ARM Assembler Question

Discussion of development of software for any "obsolete" computer or video game system. See the WSdev wiki and ObscureDev wiki for more information on certain platforms.
User avatar
nicklausw
Posts: 376
Joined: Sat Jan 03, 2015 5:58 pm
Location: ...

ARM Assembler Question

Post by nicklausw »

(Assuming the Nintendo DS is "obsolete" so this thread can be in Other Retro Dev, move if need be).

I wanted to check out ARM assembly language, but don't have any money for a Raspberry Pi (my preferred method), so I decided to go with the Nintendo DS using libnds.

ARM makes sense to some extent, but due to problems with GAS not letting me grab just #defines from a file and ignore C code, if I continue with the NDS then C will be the primary language rather than the assembler.

That's not exactly what I'm wondering about, though. What I want to know is why GAS chooses to have registers "point to pointers" instead of be pointers.

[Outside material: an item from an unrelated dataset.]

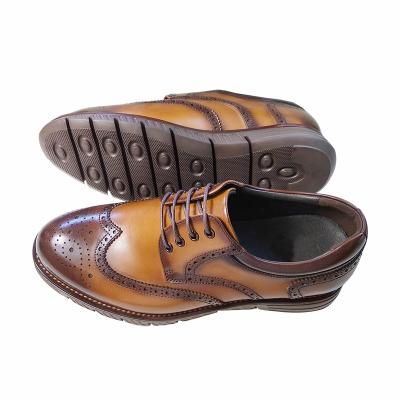 China New Arrival Waterproof Oxford Classic Leather Men's Brogue Brown Genuine Leather Dress Shoes for sale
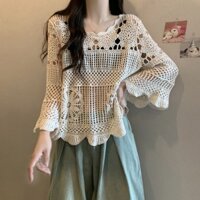 Ba Phần Tư Tay Dài Sang Trọng Rỗng Độc Đáo Áo Cao Cấp Cổ Tích Ren Đẹp Che Thịt Bao Bụng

As an example, for iprintf("HI!");, GAS would generate:

Code: Select all

ldr r0, [message_pointer]
bl iprintf

message_pointer:
.word message

message:
.ascii "HI!\0"
The pointer isn't necessary, though, since afaik registers can be pointers for themselves:

Code: Select all

ldr r0, =message
bl iprintf

message:
.ascii "HI!\0"
This is kind of a difficult question now that I think about it (and may or may not be kind of an excuse to have people to talk about ARM with) but does anyone know why GAS chooses to manually make pointers rather than just skip that step of the assembly process entirely? Is there a good reason, or is that just a random consequence of having a computer make code for you?
lidnariq
Site Admin
Posts: 11803
Joined: Sun Apr 13, 2008 11:12 am

Re: ARM Assembler Question

Post by lidnariq »

ARM has an explicit instruction for "pull out the 32-bit pointer from this 16-bit offset in memory", but no "just load a 32-bit number directly into a register" (The latter is a pseudoinstruction that might string several individual instructions together, depending on the specific numeric value of the pointer)
tepples
Posts: 22993
Joined: Sun Sep 19, 2004 11:12 pm
Location: NE Indiana, USA (NTSC)

Re: ARM Assembler Question

Post by tepples »

Probably because of the literal pool thing that ARM does. An immediate operand is limited to 8 bits but can be shifted, but pointers are 32 bits. There are two workarounds:
  1. The MIPS approach of constructing a constant in two steps with a load immediate shifted followed by an OR immediate. This works well on MIPS because constants can be 16 bits, with an optional 16-bit left shift only for load immediate (lui). On ARM, this can be effective for Game Boy Advance and Nintendo DS MMIO ports in 0x04000000-0x040003FC or 0x04800000-0x048003FC because they can be expressed as (0x40 << 20) | (regaddr << 2). But generic addresses aren't necessarily easy to build this way.
  2. Store the pointer in a table between one subroutine and the next and load it using PC-relative addressing. The assembler offers a ldr rxx, =whatever syntax to add the address to a nearby pool and generate a load instruction.
User avatar
nicklausw
Posts: 376
Joined: Sat Jan 03, 2015 5:58 pm
Location: ...

Re: ARM Assembler Question

Post by nicklausw »

Confusion ensues.
An immediate operand is limited to 8 bits but can be shifted, but pointers are 32 bits.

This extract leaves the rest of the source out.